Helen M. Rozwadowski
Helen M. Rozwadowski is Professor of History & founder of the Maritime Studies program at the University of Connecticut. She has authored three books and edited seven volumes, three of which contribute to the history of ocean sciences and the rest part of the new University of Chicago Press book series, Oceans in Depth. Her first book, The Sea Knows No Boundaries (2002) is a history of the International Council for the Exploration of the Seas (ICES), exploring the history of 20th-century marine sciences and their support of international fisheries and marine environmental management. Her second, Fathoming the Ocean: The Discovery and Exploration of the Deep Sea (2005), was awarded several prizes including the History of Science Society's Davis Prize for best book directed to a wide public audience. Her latest book, Vast Expanses: A History of the Oceans (2018), has been translated into Chinese and Korean. Her recent work includes the virtual exhibition Oceans in Three Paradoxes, an outgrowth of a fellowship she held at the Rachel Carson Center for Environment and Society in Munich, Germany. Her work has been supported by the William E. & Mary B. Ritter Fellowship of the Scripps Institution of Oceanography, National Endowment for the Humanities, National Science Foundation, and Smithsonian Institution.
From founders' vision to global voice: a century of publishing for 'the rational exploitation of the sea'
Helen will describe the historical context for the ICES journal centenary, reflecting on the central importance of communicating science to support “the rational exploitation of the sea," the founding language used for what we now call sustainable “management."
ICES original publication, Rapports et process-verbaux des reunions (RPV), shared the results of scientific studies and printed meeting minutes. Scientific journals took their present form in the 19th century, when peer review emerged. Thus, when ICES founders began advocating for international cooperation in marine sciences, they had clear expectations for appropriate science communication.

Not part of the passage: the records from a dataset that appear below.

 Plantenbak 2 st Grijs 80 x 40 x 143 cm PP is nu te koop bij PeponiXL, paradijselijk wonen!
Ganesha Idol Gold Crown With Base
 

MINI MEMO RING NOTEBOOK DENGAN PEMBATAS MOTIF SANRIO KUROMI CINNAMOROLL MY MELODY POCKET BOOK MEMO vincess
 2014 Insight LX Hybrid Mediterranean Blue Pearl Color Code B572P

ICES began in 1902 as a five-year agreement to collaborate on marine science. Previous to ICES, scientific results by its future experts appeared in reports published by national hydrographic or fisheries institutions – that is, what we call “grey literature." Before ICES, much marine science was published in English but early ICES publications were also printed in the diplomatic language, French. The choice of RPV reflected assumptions about the importance of making scientific knowledge available promptly in print, but it equally made sense for an institution based on short-term intergovernmental agreements. ICES also created other specialized publications, including fisheries statistics and for the Central Laboratory where standard seawater was created.

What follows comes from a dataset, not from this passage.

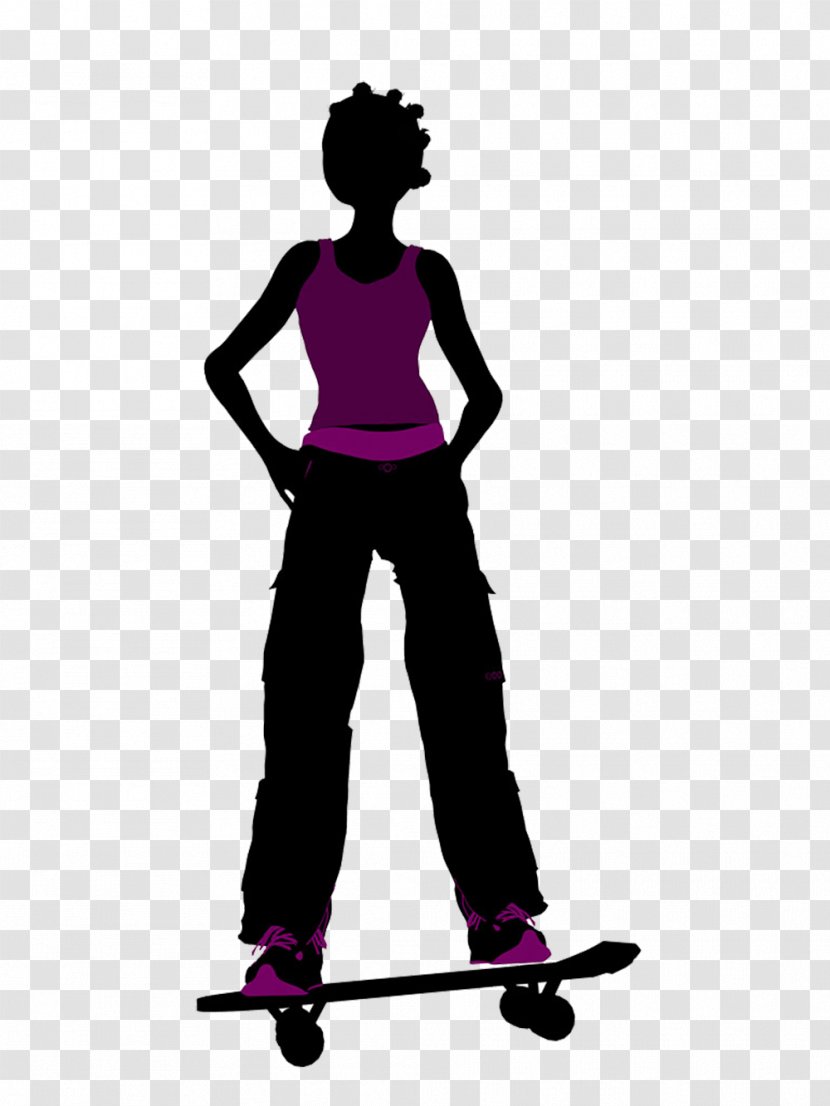 Skateboarding Female - Frame - Silhouette Woman Wearing Purple Dress Transparent PNG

During its first quarter century, debates rocked ICES regularly, including political challenges of enticing nations to join or remain. Debates that shaped its publications included tussles over a focus on pure science versus on fisheries as well as power struggles over conducting work on regional or larger scales. World War I severely challenged ICES, but membership and geographic scope expanded in the 1920s with wartime recovery and in response to increased confidence in science. Approaching the Jubilee of 1927, ICES leaders confirmed the founders' vision that science could, and should, serve societal purposes, and instituted organizational changes that centrally involved science governance and communication to enact this vision. These included creation of the Journal du Conseil in 1926 (today's ICES Journal), with scientific leadership by the new Consultative Committee, created to provide scientific advice to parallel the political concerns of official governmental Delegates.
Between 1926 and now, the journal transformed from an in-house organ focusing on fisheries science in the northeast Atlantic to a broad topical scope, highly-respected global publication, especially following changes in the 1990s: adopting the present title (ICES Journal of Marine Sciences), switching to a prestige university press publisher, and shifting from publishing symposia results in RPV to rigorously peer-reviewed special issues of the journal. ICES commitment to communicating science to serve societal needs connects its founding publications with today's Journal.